8
Yorum
0
Beğeni
0,0
Puan
988
Okunma

“Şüphesiz Biz Allah’tan Geldik ve Şüphesiz Dönüşümüz O’nadır.” (Bakara 155)
Yosun tuttu dediğimiz kavi duvarımızdan bir tuğla daha eksildi…
Duvardaki çatlağa ve geride kalanların hasarına bakmadan…
Küçük çocuk olma avantajını en iyi şekilde kullanan, nazlandırılmasının tadını sonuna kadar çıkaran, yapısındaki Karadeniz inatçılığını aslanlar gibi hayatına monte eden bir güzel insanın ardından ne yazılsa, çizilse eksik kalacak…
Gidişiyle eksilen yüreğimiz, bir yanımız gibi…
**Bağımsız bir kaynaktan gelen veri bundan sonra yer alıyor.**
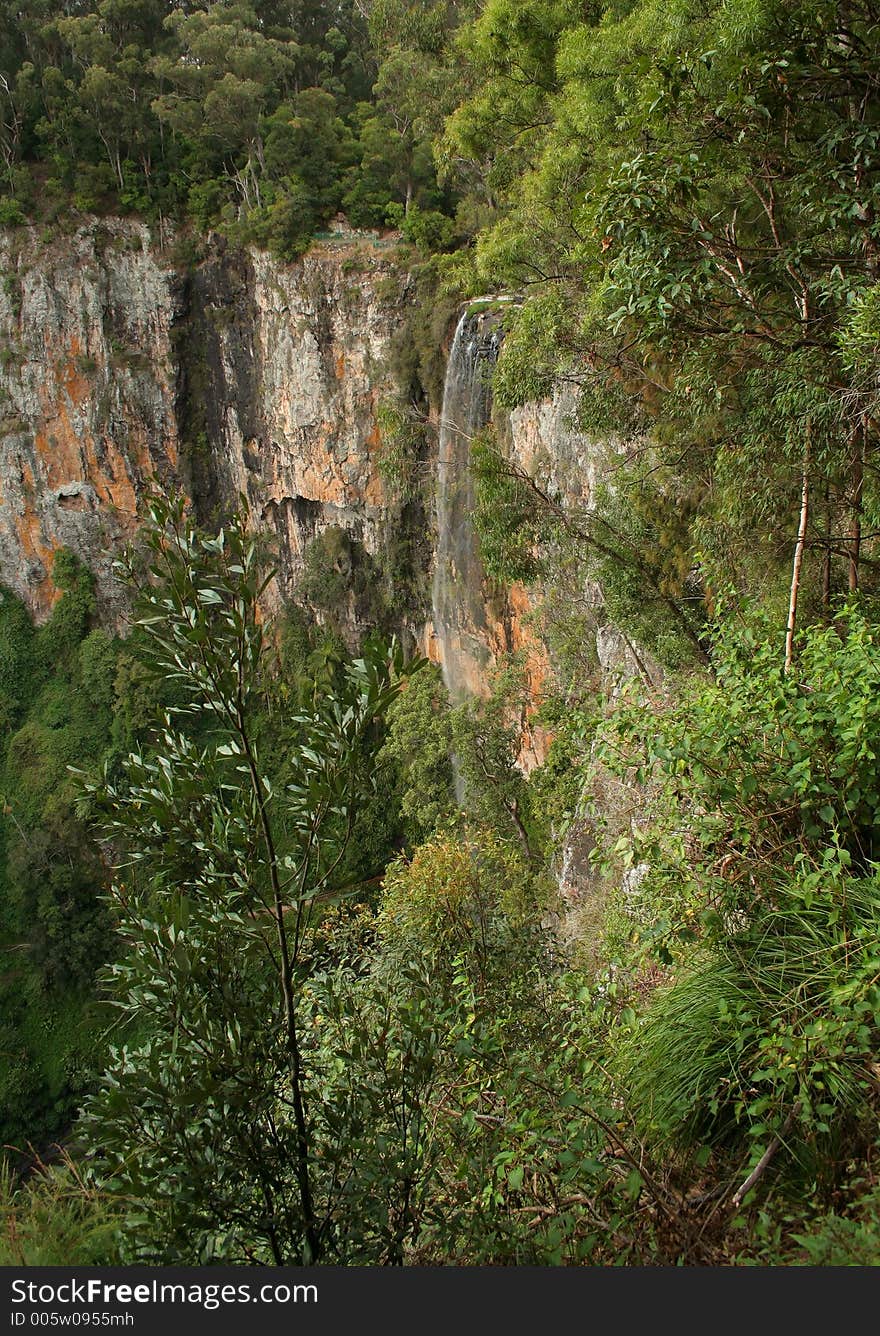 Falls at Springbrook, Queensland, Australia. Falls at Springbrook, Queensland, Australia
Parayı Lidyalıların bulduğu, fakat henüz Müslümanların tanımadığı demlerdi o zamanlar…
Okulda iyi, çalışkan bir öğrenci olmanın, Allah için yeterince ayrılmayan vaktin derslere ayrıldığı gibi bir düşüncenin yaygın olduğu yıllar…
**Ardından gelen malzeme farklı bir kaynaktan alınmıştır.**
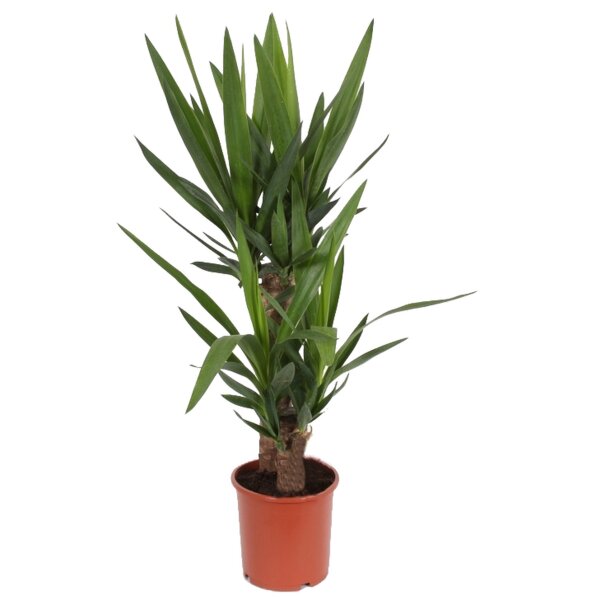 Yucca-Palme, (Yucca elephantipes), 2 Stämme, ca. 85 cm hoch, im 17cm Topf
Bir avuç Allah sevdalısı genç yüreğin, tek yürek olduğu ve bileklerini kimsenin bükmesine izin vermedikleri yıllar…
Rableri ile aralarına giren her şeyi ellerinin tersiyle ittikleri, aileleriyle başların dertte olduğu yıllar…
Kuru bir ekmekle, yanına bulunmuş katığın, kuş sütü bile eksik olmayan sofralara tercih edildiği…
Sevginin, samimiyetin, kardeşliğin, muhabbetin, dostluğun, arkadaşlığın, Allah rızasının öncelendiği…
Sadece samimiyet mevsiminin yaşandığı, fedakarlık yağmurlarının yağdığı, kardeşlerinin derdiyle dertlenilip, sevinçleriyle mutlu olunan bir iklimde yeşermişti Adnan…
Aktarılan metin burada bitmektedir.